Tratto dal racconto omonimo del 1978 di Hubert Selby Jr., Requiem for a Dream è una visione volutamente sgradevole che ci racconta di personaggi annientati a un grado zero di umanità. Uno di quei film insomma che è un tale pugno allo stomaco che non mi stupisce abbia dei detrattori. La cosa che invece mi stupisce è che sia un film anche parecchio amato da un sacco di gente. Io ho un rapporto piuttosto conflittuale con la pellicola; dopo averlo visto la prima volta ed esserne rimasto molto coinvolto/sconvolto, mi ero ripromesso di non vederlo più perché è un film che nella sua devastante forza fisica è in grado di farmi male come pochi altri. E invece ci sono ricascato perché le pillole di Aronofsky sono una droga, un tunnel da cui non puoi uscire e non ci puoi uscire no non ci puoi uscire e no non con le tue gambe almeno. A perfetto simbolo della devastazione qui presente, il personaggio di Jared Leto (finalmente in un ruolo da protagonista) si riduce il braccio in un filamento di carne nera a forza di farsi le pere e così anch’io non ho potuto non cedere a reinfilarmi in vena questo american dream smaciullato.

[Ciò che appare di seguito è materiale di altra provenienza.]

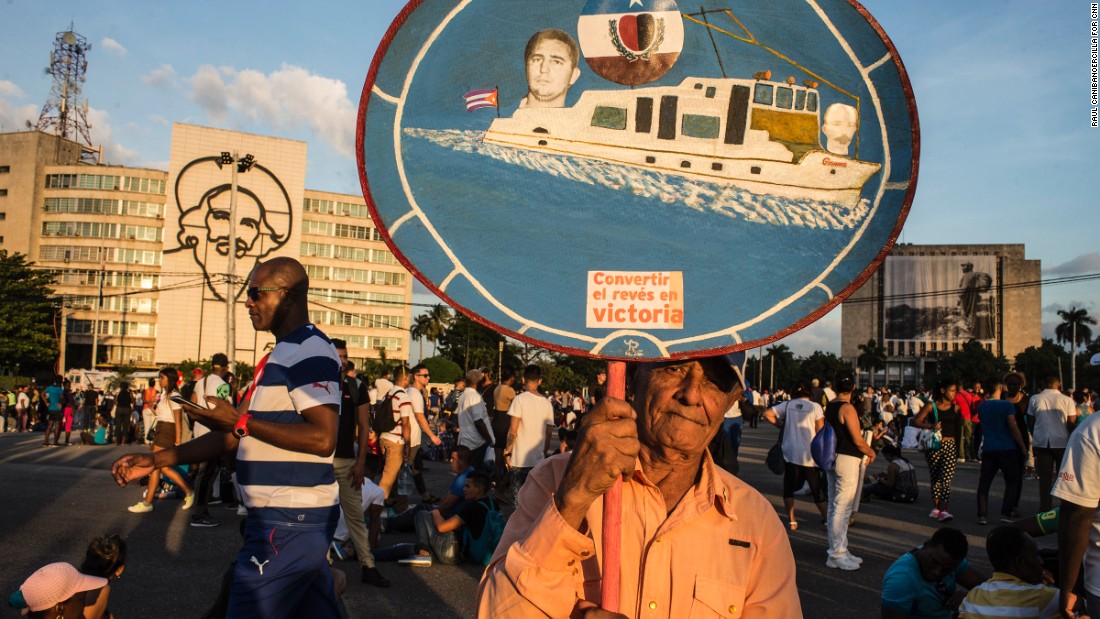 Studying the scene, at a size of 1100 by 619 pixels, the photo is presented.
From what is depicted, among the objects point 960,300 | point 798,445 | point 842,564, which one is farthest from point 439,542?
point 960,300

Il tipo di Scary Movie fa sempre il fattone, un caso?
A livello registico Darren si diletta in una serie di riprese allucinate e stranianti, di split-screen, primissimi piani, grandangoli hip-hop, camere legate ai corpi degli attori, non tanto per fare il figo (forse un pochino anche per quello), ma più che altro per dare la più adatta rappresentazione visiva della vita di un gruppo di tossici di eroina (i tre ragazzi), quanto di televisione e anfetamine (la madre). Con Trainspotting e I ragazzi dello zoo di Berlino questo Requiem è una delle versioni cinematografiche più estreme e calate (letteralmente) nel mondo della droga che quasi quasi mi faccio e poi me lo rivedo un’altra volta. Anche se fa male. Anche se è un pugno allo stomaco di quelli che ti lasciano un livido indelebile ma allo stesso tempo ti fanno crescere, di quelli che non necessariamente ti rendono una persona migliore ma allo stesso tempo di certo ti segnano.

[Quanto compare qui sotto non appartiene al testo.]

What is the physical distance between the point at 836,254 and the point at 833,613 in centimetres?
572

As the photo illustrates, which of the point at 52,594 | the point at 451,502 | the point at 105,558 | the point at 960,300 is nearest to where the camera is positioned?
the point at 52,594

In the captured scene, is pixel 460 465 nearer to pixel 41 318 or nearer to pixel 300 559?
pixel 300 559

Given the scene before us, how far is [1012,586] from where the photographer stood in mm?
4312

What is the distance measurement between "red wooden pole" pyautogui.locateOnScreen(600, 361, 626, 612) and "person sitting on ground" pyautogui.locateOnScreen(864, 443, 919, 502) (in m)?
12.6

Non solo droga, comunque, visto che quella messa peggio di tutti qui dentro è la madre, quella fissata di apparire sulla cazzo di televisione: un mostro di personaggio che sembra uscito dritto dalla nostra penisola Mediaset. A interpretare questa sciura cresciuta a pasticche e programmi stile Forum c'è un'allucinante spaventosa agghiacciante e agghiacciata Ellen Burstyn, nominata agli Oscar per questa prova ai confini della resistenza fisica. Darren Aronofsky da buon bastardo deve goderci parecchio a spingere i suoi attori così oltre (anche Natalie Portman deve saperne qualcosa...).

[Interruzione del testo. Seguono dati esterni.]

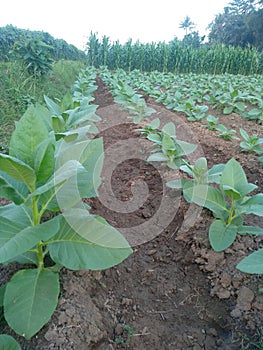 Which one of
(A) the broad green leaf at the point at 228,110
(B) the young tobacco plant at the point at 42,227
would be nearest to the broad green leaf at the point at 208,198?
(B) the young tobacco plant at the point at 42,227

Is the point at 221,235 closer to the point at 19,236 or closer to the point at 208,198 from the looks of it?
the point at 208,198

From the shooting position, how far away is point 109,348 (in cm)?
129

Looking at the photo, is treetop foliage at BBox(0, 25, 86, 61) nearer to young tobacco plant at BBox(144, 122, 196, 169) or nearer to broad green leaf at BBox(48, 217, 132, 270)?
young tobacco plant at BBox(144, 122, 196, 169)

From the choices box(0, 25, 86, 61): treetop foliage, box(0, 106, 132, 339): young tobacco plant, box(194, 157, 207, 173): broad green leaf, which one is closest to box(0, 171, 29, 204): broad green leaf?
box(0, 106, 132, 339): young tobacco plant

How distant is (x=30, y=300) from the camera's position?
112 centimetres

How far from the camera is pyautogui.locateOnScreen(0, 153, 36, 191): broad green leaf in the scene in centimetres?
104

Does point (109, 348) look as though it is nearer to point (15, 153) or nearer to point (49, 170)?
point (49, 170)

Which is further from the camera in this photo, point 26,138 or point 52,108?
point 52,108

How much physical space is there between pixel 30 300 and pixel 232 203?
114 cm

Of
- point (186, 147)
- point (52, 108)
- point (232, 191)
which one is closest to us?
point (232, 191)

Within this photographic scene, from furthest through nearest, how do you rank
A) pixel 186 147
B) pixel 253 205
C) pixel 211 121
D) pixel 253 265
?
pixel 211 121 → pixel 186 147 → pixel 253 205 → pixel 253 265

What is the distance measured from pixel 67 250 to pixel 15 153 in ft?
1.45

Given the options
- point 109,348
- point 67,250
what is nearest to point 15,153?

La droga fa male, ma la tv anche peggio
Una fotografia perfetta della disperazione umana sventolata in faccia a chi ancora -stolto- crede negli happy ending. Perché qui non c’è, come suggerisce il titolo del motivo ricorrente di Clint Mansell, una “Lux Aetherna” alla fine del tunnel. Non c’è più speranza perché non c’è più nessun (American) dream cui affidarsi. Solo un eterno e buio requiem. E non puoi uscire no non puoi più uscire e non ci puoi riuscire e sì ci puoi solo morire.
(voto 8,5)

Accoglienza: pubblico e critica divisi  e spiazzati all’uscita, ma rapidamente è diventato un piccolo cult sul mondo della droga, e non solo, oltre ad aver fatto conoscere Aronofsky anche all’infuori del circuito dei festival cinematografici. Diversi premi e nomination per la performance di Ellen Burstyn, mentre “Lux Aetherna” di Clint Mansell è entrato di diritto tra i pezzi più epici nella storia delle colonne sonore e non a caso è stato utilizzato in seguito anche per vari altri film e trailer, oltre ad essere stato pure campionato dal rapper Lil Jon nel pezzo “Throw it up”.